### Assignment
Take the data below and extract the lines from the one with "Loft kitchen interior" to the one with "window shutters Converted", inclusive, exactly as written.

### Records for this exercise
---------------
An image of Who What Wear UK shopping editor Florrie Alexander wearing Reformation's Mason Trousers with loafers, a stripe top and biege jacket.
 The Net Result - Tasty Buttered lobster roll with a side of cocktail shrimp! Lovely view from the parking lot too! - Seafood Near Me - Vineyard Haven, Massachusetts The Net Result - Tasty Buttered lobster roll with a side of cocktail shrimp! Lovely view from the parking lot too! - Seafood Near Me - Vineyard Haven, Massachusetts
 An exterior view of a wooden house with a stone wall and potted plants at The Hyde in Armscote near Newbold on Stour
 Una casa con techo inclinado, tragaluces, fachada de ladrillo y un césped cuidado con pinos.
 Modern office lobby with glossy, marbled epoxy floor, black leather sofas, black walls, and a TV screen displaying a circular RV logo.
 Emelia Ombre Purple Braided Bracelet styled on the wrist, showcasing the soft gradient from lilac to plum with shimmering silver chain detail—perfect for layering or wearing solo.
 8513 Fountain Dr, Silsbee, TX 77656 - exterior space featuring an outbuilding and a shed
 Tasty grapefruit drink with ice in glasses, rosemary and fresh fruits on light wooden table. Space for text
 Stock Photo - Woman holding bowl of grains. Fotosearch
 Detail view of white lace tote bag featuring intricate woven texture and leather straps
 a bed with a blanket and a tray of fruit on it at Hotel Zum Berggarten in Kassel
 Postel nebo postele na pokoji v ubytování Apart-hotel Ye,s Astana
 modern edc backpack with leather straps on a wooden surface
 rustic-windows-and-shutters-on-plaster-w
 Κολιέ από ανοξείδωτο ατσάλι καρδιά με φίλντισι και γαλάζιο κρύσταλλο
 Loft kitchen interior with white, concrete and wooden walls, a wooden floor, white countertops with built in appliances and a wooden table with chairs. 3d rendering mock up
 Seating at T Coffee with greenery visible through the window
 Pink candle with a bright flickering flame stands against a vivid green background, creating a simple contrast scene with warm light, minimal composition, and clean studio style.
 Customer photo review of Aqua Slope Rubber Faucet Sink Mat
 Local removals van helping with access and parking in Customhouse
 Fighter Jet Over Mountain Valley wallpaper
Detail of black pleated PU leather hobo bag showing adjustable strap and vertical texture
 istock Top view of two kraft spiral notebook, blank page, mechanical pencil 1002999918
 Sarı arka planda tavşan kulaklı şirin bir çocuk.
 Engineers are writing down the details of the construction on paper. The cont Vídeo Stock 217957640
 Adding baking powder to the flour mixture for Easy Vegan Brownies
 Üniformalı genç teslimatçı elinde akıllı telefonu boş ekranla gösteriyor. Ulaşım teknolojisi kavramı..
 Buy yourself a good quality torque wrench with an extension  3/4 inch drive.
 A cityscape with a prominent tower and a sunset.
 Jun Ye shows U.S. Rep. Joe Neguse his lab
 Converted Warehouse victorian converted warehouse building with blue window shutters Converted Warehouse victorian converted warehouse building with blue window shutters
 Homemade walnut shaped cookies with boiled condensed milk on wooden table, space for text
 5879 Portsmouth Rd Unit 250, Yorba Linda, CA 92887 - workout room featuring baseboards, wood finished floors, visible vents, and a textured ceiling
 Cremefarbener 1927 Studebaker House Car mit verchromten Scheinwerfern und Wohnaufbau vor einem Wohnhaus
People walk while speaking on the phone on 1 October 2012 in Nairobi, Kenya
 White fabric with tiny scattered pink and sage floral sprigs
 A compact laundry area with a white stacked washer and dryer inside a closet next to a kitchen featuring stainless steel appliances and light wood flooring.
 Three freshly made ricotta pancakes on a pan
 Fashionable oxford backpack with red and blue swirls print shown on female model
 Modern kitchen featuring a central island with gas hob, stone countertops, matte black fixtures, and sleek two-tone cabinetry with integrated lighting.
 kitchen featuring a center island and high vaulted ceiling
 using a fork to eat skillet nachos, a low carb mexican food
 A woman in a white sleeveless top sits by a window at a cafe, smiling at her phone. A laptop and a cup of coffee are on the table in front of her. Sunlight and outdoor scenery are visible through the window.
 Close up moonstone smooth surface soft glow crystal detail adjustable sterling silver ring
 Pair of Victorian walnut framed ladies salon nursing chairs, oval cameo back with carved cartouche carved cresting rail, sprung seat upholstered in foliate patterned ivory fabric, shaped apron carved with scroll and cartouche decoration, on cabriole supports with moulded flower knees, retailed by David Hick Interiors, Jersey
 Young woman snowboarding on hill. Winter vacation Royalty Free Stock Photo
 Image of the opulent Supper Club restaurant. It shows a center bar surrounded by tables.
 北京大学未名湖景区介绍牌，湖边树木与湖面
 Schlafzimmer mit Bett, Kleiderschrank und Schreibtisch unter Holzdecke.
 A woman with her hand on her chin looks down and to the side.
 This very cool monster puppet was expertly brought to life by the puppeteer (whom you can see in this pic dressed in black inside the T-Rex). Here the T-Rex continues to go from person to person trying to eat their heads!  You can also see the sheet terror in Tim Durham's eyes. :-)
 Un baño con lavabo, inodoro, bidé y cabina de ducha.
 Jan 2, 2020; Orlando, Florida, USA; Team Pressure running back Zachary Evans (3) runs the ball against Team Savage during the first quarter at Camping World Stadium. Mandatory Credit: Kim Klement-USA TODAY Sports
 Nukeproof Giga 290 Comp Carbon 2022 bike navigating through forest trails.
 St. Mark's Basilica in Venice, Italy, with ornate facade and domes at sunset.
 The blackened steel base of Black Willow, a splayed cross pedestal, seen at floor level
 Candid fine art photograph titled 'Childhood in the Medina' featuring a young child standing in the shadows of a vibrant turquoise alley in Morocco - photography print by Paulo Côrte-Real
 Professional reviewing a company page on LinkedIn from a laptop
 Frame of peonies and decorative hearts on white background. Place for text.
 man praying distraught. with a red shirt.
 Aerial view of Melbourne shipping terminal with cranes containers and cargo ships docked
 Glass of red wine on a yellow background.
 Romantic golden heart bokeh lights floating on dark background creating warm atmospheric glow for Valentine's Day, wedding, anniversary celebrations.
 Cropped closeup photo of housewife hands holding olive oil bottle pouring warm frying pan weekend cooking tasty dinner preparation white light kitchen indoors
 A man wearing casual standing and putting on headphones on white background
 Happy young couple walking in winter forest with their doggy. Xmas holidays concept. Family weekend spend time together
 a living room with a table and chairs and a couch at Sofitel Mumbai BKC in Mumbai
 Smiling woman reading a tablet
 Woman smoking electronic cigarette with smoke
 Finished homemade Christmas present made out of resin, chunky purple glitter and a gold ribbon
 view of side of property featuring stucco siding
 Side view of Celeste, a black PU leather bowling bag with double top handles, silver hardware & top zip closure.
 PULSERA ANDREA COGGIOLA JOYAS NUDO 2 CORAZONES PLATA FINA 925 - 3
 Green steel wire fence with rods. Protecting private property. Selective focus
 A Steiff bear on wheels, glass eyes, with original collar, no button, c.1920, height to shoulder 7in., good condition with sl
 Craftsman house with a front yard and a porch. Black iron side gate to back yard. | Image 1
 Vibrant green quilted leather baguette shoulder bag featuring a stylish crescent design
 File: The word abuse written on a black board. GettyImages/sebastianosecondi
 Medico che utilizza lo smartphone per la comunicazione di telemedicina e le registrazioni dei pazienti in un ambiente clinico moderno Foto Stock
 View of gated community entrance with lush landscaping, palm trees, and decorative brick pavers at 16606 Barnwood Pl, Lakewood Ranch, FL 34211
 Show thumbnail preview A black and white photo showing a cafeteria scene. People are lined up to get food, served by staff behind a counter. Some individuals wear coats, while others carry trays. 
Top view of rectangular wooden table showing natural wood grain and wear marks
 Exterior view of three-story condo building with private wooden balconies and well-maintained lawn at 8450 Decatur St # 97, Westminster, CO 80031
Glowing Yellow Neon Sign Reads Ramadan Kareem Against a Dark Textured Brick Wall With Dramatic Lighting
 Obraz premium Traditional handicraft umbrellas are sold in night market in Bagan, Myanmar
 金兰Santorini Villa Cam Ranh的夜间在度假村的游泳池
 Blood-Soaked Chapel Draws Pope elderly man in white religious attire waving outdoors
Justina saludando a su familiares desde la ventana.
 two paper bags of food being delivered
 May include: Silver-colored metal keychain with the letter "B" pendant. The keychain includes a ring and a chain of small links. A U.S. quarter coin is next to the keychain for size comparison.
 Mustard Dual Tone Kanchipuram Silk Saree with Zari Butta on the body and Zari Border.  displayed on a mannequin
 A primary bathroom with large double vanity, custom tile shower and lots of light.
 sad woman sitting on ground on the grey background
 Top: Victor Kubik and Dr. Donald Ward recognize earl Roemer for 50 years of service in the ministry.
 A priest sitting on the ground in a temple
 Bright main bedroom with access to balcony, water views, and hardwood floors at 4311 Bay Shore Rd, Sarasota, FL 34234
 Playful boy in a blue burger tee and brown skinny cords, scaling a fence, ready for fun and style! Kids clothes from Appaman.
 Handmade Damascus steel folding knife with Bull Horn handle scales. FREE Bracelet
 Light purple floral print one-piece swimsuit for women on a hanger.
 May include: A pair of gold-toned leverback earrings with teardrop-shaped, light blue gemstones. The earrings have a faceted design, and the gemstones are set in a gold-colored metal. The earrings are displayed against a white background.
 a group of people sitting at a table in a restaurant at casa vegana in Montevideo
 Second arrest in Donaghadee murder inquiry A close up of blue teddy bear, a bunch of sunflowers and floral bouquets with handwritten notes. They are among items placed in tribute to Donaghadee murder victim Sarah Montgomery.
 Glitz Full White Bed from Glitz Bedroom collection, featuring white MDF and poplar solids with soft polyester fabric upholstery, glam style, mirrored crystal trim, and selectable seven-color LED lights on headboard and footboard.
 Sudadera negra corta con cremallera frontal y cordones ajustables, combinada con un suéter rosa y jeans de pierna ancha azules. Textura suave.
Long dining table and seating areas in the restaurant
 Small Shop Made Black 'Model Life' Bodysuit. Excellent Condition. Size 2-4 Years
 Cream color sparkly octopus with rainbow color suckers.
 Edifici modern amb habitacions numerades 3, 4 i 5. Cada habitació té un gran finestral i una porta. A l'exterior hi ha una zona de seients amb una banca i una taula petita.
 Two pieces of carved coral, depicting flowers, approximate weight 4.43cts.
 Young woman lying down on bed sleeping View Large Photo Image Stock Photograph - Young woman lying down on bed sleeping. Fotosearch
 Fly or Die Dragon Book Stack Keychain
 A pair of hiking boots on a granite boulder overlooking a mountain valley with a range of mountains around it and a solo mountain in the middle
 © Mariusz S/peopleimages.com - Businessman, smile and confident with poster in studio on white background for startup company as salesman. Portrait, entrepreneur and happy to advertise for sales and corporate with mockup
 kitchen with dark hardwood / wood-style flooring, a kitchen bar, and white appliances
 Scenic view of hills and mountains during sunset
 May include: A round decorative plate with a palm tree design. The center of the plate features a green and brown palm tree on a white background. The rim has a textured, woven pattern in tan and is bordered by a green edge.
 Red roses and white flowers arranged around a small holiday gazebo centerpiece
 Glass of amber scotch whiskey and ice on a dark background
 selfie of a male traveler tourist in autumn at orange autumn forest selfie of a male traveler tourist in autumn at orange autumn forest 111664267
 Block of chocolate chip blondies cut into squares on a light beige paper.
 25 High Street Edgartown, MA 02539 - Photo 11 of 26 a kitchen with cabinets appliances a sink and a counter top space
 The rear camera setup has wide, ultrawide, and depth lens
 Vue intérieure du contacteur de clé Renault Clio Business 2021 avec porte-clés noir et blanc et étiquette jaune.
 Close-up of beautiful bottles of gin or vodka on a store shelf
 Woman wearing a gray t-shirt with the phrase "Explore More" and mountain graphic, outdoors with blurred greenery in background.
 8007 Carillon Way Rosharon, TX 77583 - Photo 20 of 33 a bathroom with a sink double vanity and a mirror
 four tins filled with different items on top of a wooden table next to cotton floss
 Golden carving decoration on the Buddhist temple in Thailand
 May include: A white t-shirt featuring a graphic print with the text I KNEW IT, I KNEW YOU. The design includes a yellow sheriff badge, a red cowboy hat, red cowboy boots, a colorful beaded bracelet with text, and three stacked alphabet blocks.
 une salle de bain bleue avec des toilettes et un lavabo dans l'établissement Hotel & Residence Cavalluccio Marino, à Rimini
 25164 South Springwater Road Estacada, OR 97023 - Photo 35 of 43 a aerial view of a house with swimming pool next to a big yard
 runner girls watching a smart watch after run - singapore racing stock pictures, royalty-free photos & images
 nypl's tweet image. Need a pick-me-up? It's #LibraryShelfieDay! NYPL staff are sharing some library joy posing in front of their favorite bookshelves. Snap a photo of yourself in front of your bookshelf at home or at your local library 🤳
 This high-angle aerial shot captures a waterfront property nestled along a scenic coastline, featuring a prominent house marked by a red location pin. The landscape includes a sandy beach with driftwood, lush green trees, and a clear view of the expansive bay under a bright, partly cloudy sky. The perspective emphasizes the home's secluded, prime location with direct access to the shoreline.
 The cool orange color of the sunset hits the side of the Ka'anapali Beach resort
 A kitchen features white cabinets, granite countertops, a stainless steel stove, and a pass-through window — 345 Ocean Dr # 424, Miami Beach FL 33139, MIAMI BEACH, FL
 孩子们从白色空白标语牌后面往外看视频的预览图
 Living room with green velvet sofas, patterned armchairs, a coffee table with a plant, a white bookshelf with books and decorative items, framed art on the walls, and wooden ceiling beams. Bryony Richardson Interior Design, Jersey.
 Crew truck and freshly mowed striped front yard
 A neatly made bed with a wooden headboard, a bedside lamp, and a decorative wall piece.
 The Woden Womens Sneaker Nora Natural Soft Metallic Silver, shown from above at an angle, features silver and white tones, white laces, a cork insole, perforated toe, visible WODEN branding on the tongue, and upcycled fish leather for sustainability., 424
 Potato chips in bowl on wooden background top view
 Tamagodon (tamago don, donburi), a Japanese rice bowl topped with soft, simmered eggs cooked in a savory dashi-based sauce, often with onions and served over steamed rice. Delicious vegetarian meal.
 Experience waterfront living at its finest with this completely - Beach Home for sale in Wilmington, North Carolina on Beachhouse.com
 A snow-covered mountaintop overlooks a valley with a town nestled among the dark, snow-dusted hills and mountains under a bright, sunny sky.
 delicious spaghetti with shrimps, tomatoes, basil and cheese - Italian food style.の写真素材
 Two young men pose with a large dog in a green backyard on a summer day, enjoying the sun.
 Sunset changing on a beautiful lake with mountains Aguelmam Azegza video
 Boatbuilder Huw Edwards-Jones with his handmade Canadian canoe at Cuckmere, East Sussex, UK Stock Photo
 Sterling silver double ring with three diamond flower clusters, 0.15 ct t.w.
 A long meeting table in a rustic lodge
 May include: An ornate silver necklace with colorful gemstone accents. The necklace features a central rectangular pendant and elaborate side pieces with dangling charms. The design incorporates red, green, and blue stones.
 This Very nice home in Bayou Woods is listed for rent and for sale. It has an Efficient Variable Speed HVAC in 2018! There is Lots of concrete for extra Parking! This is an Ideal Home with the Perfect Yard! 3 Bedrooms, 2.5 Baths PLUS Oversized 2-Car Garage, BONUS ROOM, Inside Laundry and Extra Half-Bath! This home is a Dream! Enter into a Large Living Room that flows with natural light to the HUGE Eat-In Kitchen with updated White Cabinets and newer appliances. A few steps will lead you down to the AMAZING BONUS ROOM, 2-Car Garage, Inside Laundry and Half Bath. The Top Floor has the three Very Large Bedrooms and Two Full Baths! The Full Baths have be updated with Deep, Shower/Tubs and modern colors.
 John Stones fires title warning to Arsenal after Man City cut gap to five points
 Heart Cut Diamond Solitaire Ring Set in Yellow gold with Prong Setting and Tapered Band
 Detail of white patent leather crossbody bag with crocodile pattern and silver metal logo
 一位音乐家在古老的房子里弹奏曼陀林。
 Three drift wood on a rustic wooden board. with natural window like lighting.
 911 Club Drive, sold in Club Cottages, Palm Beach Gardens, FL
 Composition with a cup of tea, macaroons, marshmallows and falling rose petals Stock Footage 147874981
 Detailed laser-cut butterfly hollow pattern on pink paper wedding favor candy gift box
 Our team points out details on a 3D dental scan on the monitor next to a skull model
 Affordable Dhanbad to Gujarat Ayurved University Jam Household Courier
---------------
### Answer section
 Loft kitchen interior with white, concrete and wooden walls, a wooden floor, white countertops with built in appliances and a wooden table with chairs. 3d rendering mock up
 Seating at T Coffee with greenery visible through the window
 Pink candle with a bright flickering flame stands against a vivid green background, creating a simple contrast scene with warm light, minimal composition, and clean studio style.
 Customer photo review of Aqua Slope Rubber Faucet Sink Mat
 Local removals van helping with access and parking in Customhouse
 Fighter Jet Over Mountain Valley wallpaper
Detail of black pleated PU leather hobo bag showing adjustable strap and vertical texture
 istock Top view of two kraft spiral notebook, blank page, mechanical pencil 1002999918
 Sarı arka planda tavşan kulaklı şirin bir çocuk.
 Engineers are writing down the details of the construction on paper. The cont Vídeo Stock 217957640
 Adding baking powder to the flour mixture for Easy Vegan Brownies
 Üniformalı genç teslimatçı elinde akıllı telefonu boş ekranla gösteriyor. Ulaşım teknolojisi kavramı..
 Buy yourself a good quality torque wrench with an extension  3/4 inch drive.
 A cityscape with a prominent tower and a sunset.
 Jun Ye shows U.S. Rep. Joe Neguse his lab
 Converted Warehouse victorian converted warehouse building with blue window shutters Converted Warehouse victorian converted warehouse building with blue window shutters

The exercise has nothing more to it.